To get here, immigrants and other opportunity-seekers had to be resilient first. Often they had to reach out to each other for help. Fortunately they brought to Houston not only the spirit of hard work, but also a stunning array of traditions, cuisine, languages, religions and culture pursuits. We are a tolerant city that builds bridges, not walls. The new arrivals have become us and we have become them. Resiliency is our code.

As a relatively new city with a relatively young population, we are less set in our ways than other cities, less prone to stick with our own kind. This attitude opens up all kinds of opportunities for Houstonians old and new to explore what is truly means to support each other.

When the hurricane brought cataclysmic flooding to Houston, death and destruction were the first story lines coming out of our city. But the narrative was quickly replaced by brighter truths. Houstonians leaped to the task of rescuing each other, sheltering each other, comforting each other. We were seen accurately as a place where volunteers spring forward to meet the newest needs.

“Houstonians leaped to the task of rescuing each other, sheltering each other, comforting each other.”

We had practice. The nation watched in admiration in 2005 as Houston welcomed and resettled tens of thousands of evacuees from New Orleans after it was smashed by Hurricane Katrina. As we build new traditions in Houston, our ready volunteerism is a beacon.

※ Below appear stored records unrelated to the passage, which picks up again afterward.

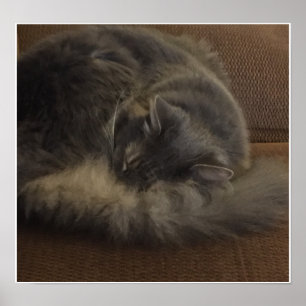 Maine-Waschbär-Katze Poster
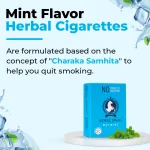 Royal Swag Herbal Cigarettes 100% Tobacco Free and Nicotine Free Mint Flavour (20 Sticks/Box) on itshemp.in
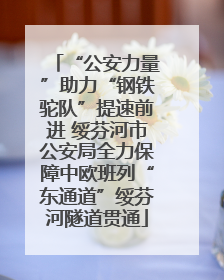 “公安力量”助力“钢铁驼队”提速前进 绥芬河市公安局全力保障中欧班列“东通道”绥芬河隧道贯通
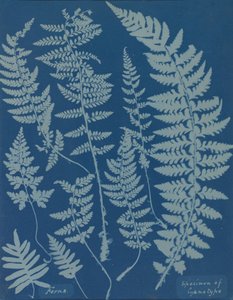 Bregner. Prøve av cyanotype, 1840-tallet.
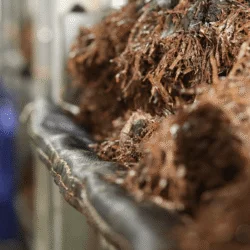 Mushroom Composting for Commercial Farms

The Port of Houston is one of the busiest on the globe. As the Energy Capital of the World, our expertise is in demand across hemispheres. With the Texas Medical Center, the largest of its kind, attracting patients from across the nation and abroad, Houston’s helping hands provide health care to wide spectrum of people. These, too, are factors that make Houston a place where doing and helping is what we are.

I trust that these truths will come through as HuffPost’s “Listen To America” project visits Houston.